駒ケ根市駒ケ根高原の光前寺周辺で、野生のニホンザルの出没が相次いでいる。10年ほど前から頻繁に現れるようになったが、「今年は特にひどい」(地元関係者)。人的被害こそ確認されていないものの、不用意に近づくと激しく威嚇してくることも。夏の観光シーズンを前に、住民や観光業者からは「何かのきっかけで人に危害を加えかねない」と懸念する声も上がっている。
■人間より堂々やりたい放題
大型連休が終わった5月中旬の光前寺。雨上がりの午後、仁王門前の道路を10匹ほどのサルの群れが悠然と横断していく。すぐ近くに人間がいてもまるで気にしない様子だ。群れは脇道に入り、やがて草むらへ消えた。「人間より堂々としている。ここで一番偉いのはサルだね」。歩道の草むしりをしながら一部始終を見ていた近所の女性が苦笑混じりにつぶやいた。
その数十分後。光前寺の竹やぶから何匹かのサルが顔を出し、タケノコの皮を口にくわえて道路を横切った。有刺鉄線を巻いてある雨どいも難なく登って建物の2階に移動し、ベランダからベランダへ。
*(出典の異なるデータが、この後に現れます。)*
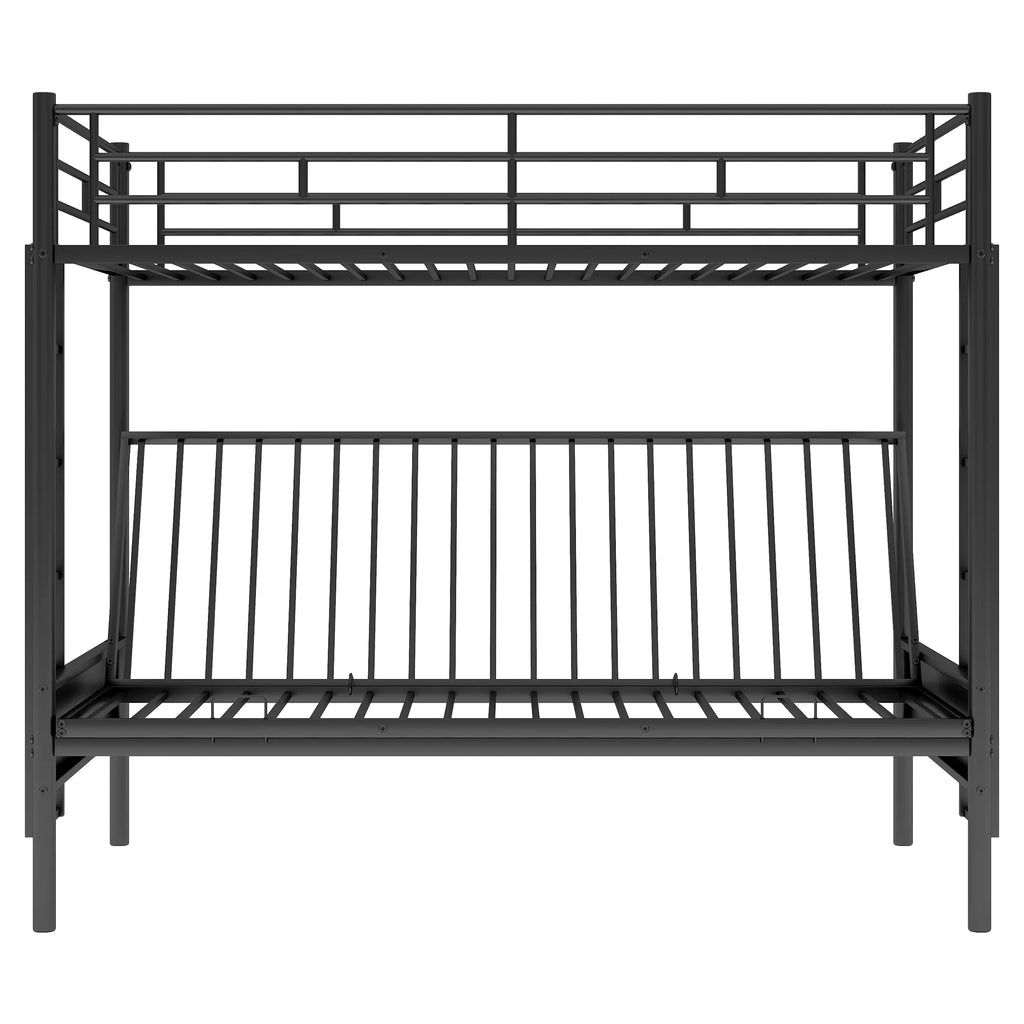 Black Twin Size Metal Loft Bed with Convertible Lower Bed P7135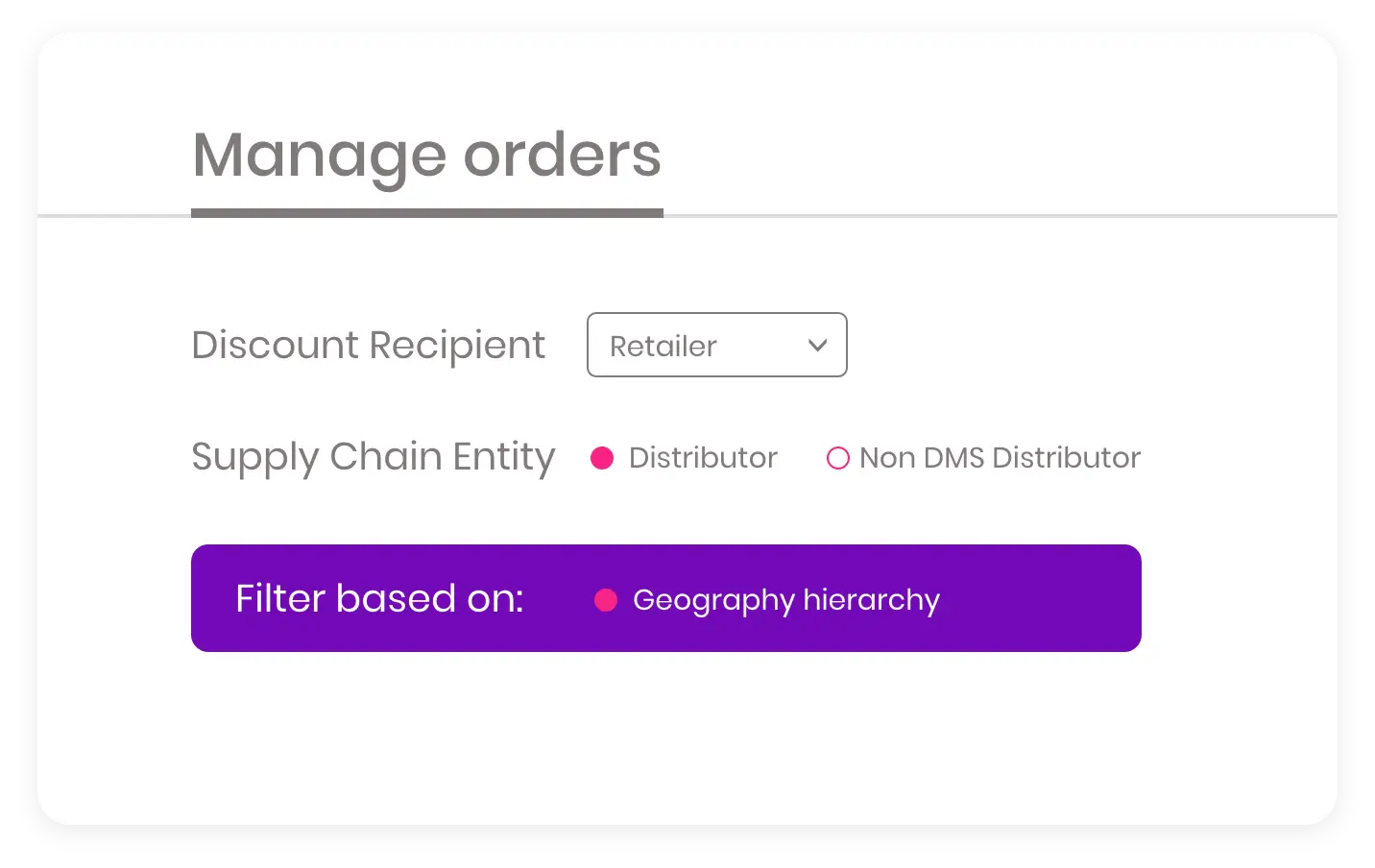 Manage orders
道端に座り込み夢中で草を食べる1匹に近寄ると、親とみられる別の1匹が走り寄り「シャーッ」と威嚇してきた。
同寺の吉澤道人住職(76)と道信副住職(46)によると、今年は頻繁に出没し、特に桜が開花した頃からほぼ毎日現れている。寺でも花を食べられたり枝を折られたりしたほか、庫裏の天井裏に入って暴れたり、仏前の花を縁側まで持ち出して散らかしたりとやりたい放題。爆竹で追い払おうとしたが、あまり効果はなく、サルが現れると、境内に放送を流して参拝者に注意を促しているという。
■有効な対策を協議する場を
県が策定した第二種特定鳥獣管理計画(第5期ニホンザル管理)によると、群れの加害レベル5段階のうち駒ケ根市は「3」と判定され、群れのサイズを30頭程度まで縮小させる「部分捕獲」の方針が示されている。組織的な追い払いや電気柵の設置なども実施するとされている。
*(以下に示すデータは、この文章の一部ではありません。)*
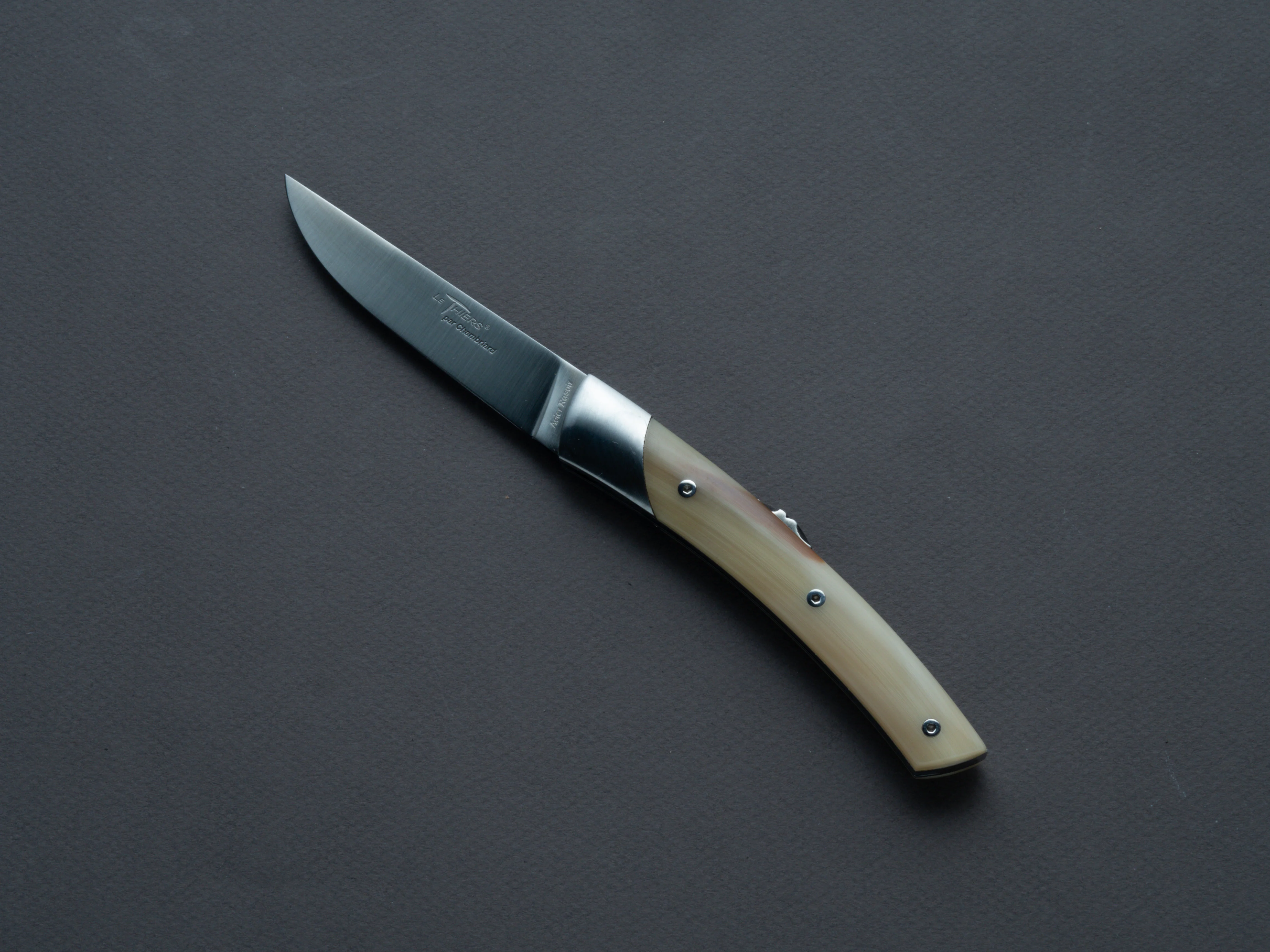 Coutellerie Chambriard - Folding Knife - Le Thiers "Mi-Jo" - Lock Back - 80mm - Cow Horn Handle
光前寺の向かいにある旅館「和みの湯宿 なかやま」を経営する中山茂房さん(59)は「人なれしたサルは賢く、人間の”本気度”を見て行動している」と指摘。「餌付けなどでさらに人なれが進めば、人間に危害を加えるサルが出かねない。そうなれば観光地にとって大きな痛手だ」と危機感を募らせる。
市農林課によると、サルについての調査は行っておらず、実態ははっきりしない。同寺の吉澤住職は「個々で対処していくのは無理だろう。観光、農業、行政など関係する全ての人々が有効な対策を協議する場を設けられないか」と話す。